Festivals

Foals bring sweaty chaos as The Great Escape’s returning heroes

Squid, Viagra Boys and The Nude Party were the day’s brightest new hopes.

While The Great Escape’s general vibe tends towards the buzzy and new, the festival also has good form in bringing some altogether larger surprises and treats to Brighton’s seafront. This year, however, they’ve outdone themselves, and the 500 people that pack into Concorde 2 to witness Foals return to the venue they played a literal decade ago on the way up know they’re in for something special.

Playing as part of label Transgressive’s 15th anniversary celebrations, it’s semi-ridiculous to hear this many massive hits packed into such a small space.

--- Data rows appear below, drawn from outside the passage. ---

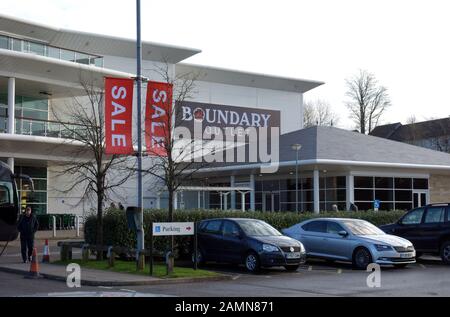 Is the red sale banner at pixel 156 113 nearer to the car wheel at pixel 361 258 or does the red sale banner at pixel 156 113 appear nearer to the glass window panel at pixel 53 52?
the car wheel at pixel 361 258

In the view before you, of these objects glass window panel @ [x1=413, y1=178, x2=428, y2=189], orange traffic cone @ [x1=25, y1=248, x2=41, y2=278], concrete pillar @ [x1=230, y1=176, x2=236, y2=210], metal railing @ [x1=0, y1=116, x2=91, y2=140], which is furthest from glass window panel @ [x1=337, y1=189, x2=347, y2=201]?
orange traffic cone @ [x1=25, y1=248, x2=41, y2=278]

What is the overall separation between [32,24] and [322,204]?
21510 mm

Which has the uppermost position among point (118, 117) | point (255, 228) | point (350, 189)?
point (118, 117)

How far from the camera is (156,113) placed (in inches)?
746

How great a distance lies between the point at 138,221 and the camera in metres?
18.1

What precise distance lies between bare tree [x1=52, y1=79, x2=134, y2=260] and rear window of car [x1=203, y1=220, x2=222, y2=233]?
11.0 feet

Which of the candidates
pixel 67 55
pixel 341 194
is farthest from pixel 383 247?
pixel 67 55

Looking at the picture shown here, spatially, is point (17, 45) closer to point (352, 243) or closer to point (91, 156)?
point (91, 156)

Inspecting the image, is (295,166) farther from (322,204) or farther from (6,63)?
(6,63)

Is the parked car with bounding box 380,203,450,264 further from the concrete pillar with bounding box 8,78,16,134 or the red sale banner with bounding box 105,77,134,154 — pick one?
the concrete pillar with bounding box 8,78,16,134

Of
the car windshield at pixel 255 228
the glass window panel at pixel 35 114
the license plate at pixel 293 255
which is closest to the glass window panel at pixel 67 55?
the glass window panel at pixel 35 114

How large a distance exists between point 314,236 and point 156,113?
659 cm

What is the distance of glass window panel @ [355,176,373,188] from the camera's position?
37844 millimetres

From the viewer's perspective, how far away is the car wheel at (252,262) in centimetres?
1838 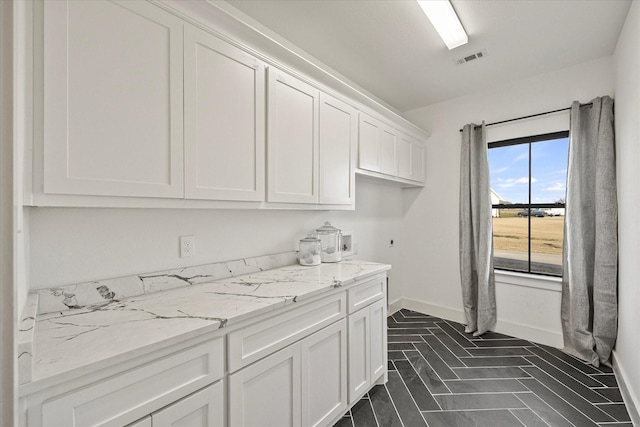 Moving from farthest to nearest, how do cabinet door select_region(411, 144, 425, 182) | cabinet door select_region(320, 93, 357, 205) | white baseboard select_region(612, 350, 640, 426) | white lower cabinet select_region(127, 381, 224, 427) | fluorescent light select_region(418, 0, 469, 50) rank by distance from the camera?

Now five albums in (with a six mere months away), the band have enough bona fide anthems to fill 90 minutes without ever letting up; couple that with the intimate, high-intensity energy of such a small room and it’s like being caught in a cathartic, chaotic glorious pressure chamber.

From the opening jagged jabs of recent single ‘On The Luna’, through the old crescendoes of ‘Olympic Airwaves’ via the emotional purging of ‘Spanish Sahara’ and the mammoth roars of ‘What Went Down’ and ‘Inhaler’, it’s a tour through a band whose canon has swelled and side-stepped but also stayed completely true to itself; now, songs they played here first time around sit happily side by side with their newest as testament to a band that have always brimmed with ideas and excitement. As Yannis clambers around the side shelves of the venue during the familiar finale of ‘Two Steps, Twice’, there’s the tangible awareness that few bands of their stature would ever still remain this intense, this edge-of-your-seat exciting so far into their career; tonight, as we’ve known for a long time now, Foals confirm themselves as true one-offs.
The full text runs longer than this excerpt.